Movie goers would give casual description of Gone with the Wind as an epic love story, which is understandable from the marquee posters to the last words of Rhett Butler as he walks out into the fog. Certainly the novel devolves into a well conceived romantic melodrama in the last 200 pages or so. 

The movie makers knew what they were doing. It takes reading the book to understand the underlying message which laments stolen heritage and the wicked destruction of rigid social classes. 

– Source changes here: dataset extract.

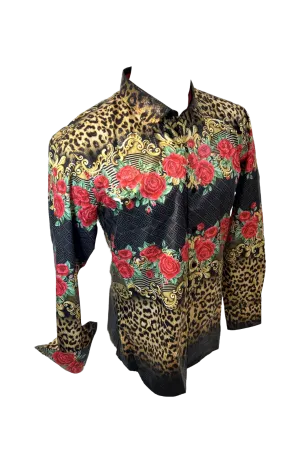 Men's Long Sleeve Button Down Dress Shirt Floral Rose Leopard Black Red Gold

I write this not as a review of the novel. It is, in fact, beautifully written, really quite extraordinary for a first time author. The characters are rich with character and the story is complex and complete. I am writing this because both story and characters define the essence of what reactionary Americans, who count themselves as Christian Conservatives, have become in the 21st century. 

I could almost see the tinsel insurrectionists screaming through the halls of Congress with a Bible in one hand and a copy of Gone with the Wind in the other, just as those sympathetic with their motivations might imagine it so, but with endorsement. 

Nearly countless signs, flags, masks, hats, and politician rhetoric on January 6th at the Capital sported the phrase: Stop the Steal. Those signs, et al, echoed Trump’s endless drumbeat, begun even before the election and daily thereafter, to perpetuate the “Big Lie”. Still, in the light of virtually no evidence to justify The Lie, why have so many Americans so emotionally embraced it to the point of debasement. 

I believe the “steal” they feel so heinous is not simply about an election outcome. You can find it in the pages of Margaret Mitchell’s book. They have been fed the illusion that the lives they envision for themselves and their children are in the process of being stolen.  Her novel begins with goodness surrounding a class of landed, white aristocracy, seeking only God given freewill, Nature’s manna from heaven, and self determination. This honorable goodness is ripped away by a criminal Federal government, “scallywags”, and “free issue N-----s”. 

Today's Trump supporting Christian Conservatives want a life back that they never had; that they were told had been theirs. Trump and those like him have fed that anxiety for 155 years. As a candidate and then President, Trump used his honed persona and seemingly endless lies and conspiracies to rally and incite white Christian Conservatives to believe that a “Great” America was something to be reclaimed. 

Trump did it primarily for his own enjoyment and aggrandizement; even to the point when lost he and his confederates engineered perhaps the most ludicrous attempt to overthrowing a major government in modern world history. I wouldn’t have been surprised had the mob been armed for the final attack with MyPillows. Humor and tragedy are so often different sides of the same coin. 

It is sad for me to think someone as gifted as Margaret Mitchell might have supported the assault on the Capital last month, but it’s hard to see it any other way, after all…she wrote the book. If Republican Senators had any sense at all, they would take that book and throw it directly at Donald Trump.